- _HOW TO COMPLETE THIS TASK_: What you return must match the listing below character for character, minus any pictures.
____ DATASET EXCERPT
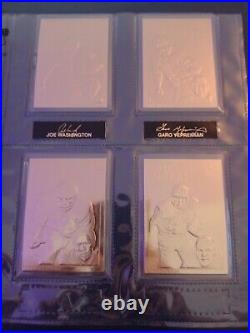 22KT Gold Football Cards From The Danbury Mint Set 1-50 Perfect Condition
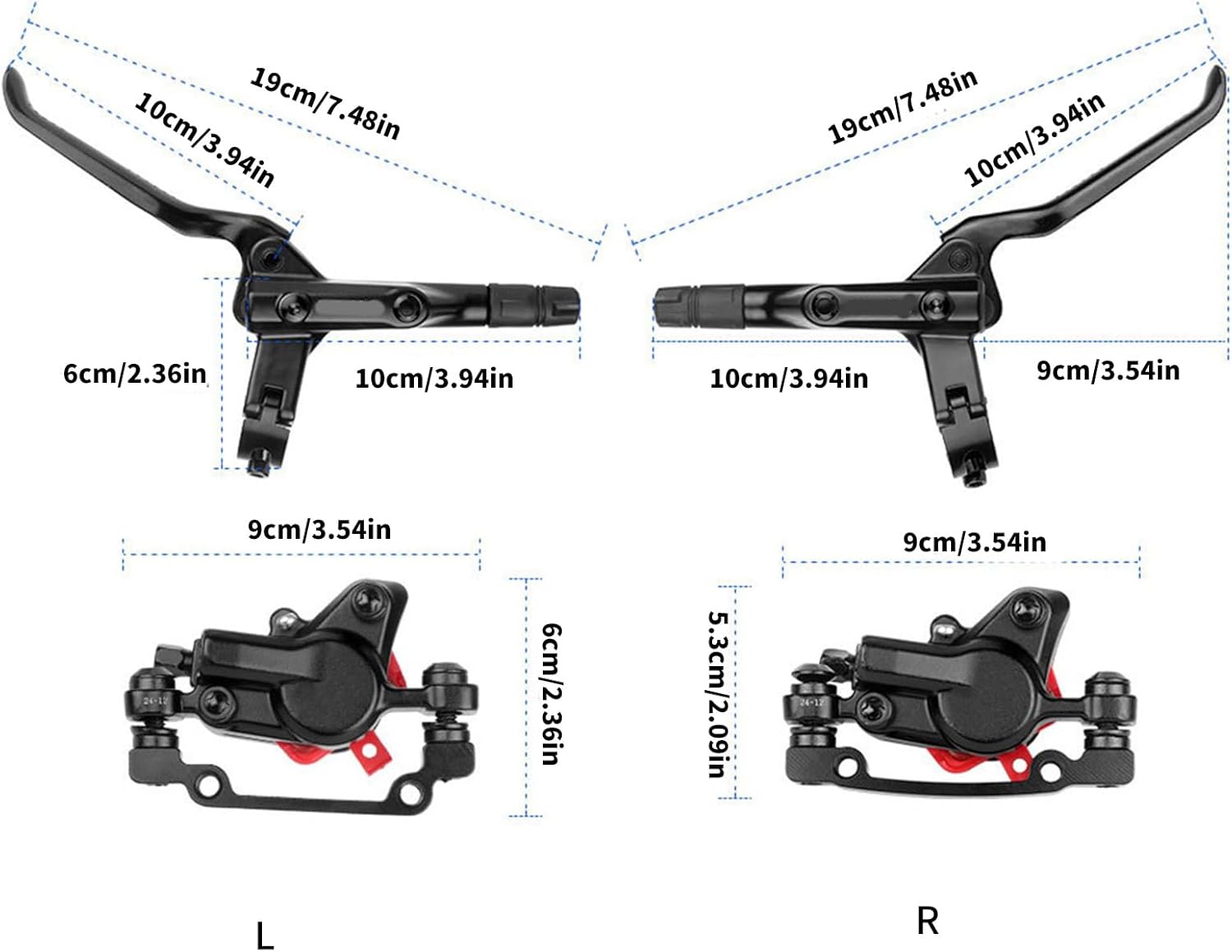 Cycling Disc Brake Calipers Quickly Install Bicycles Hydraulic Brakes Calipers for Safe Cycling and Country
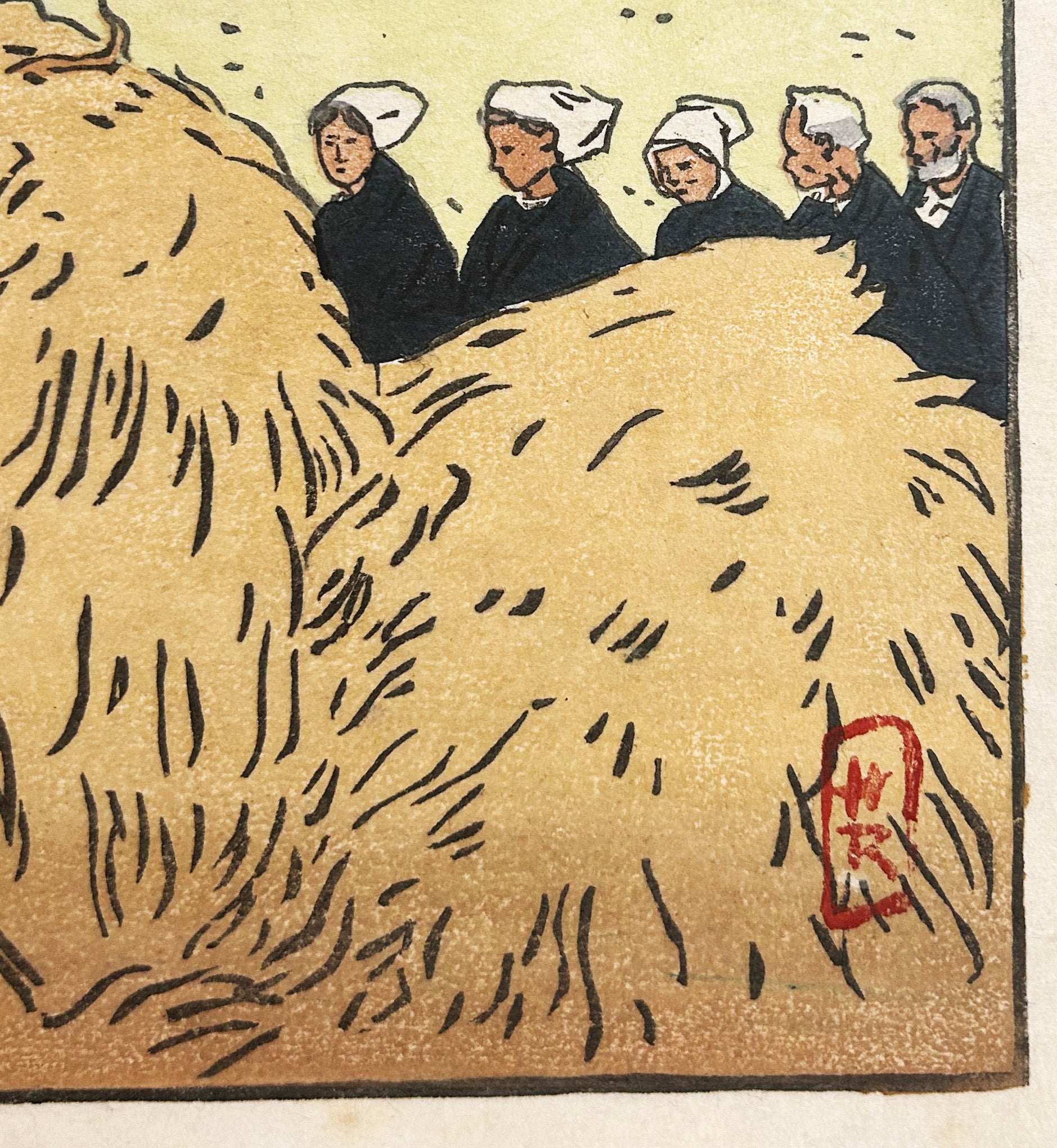 Enterrement à Trestraou (Perros Guirec).  1894.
________
- _ANSWER TO THIS TASK_:
 22KT Gold Football Cards From The Danbury Mint Set 1-50 Perfect Condition
 Cycling Disc Brake Calipers Quickly Install Bicycles Hydraulic Brakes Calipers for Safe Cycling and Country
 Enterrement à Trestraou (Perros Guirec).  1894.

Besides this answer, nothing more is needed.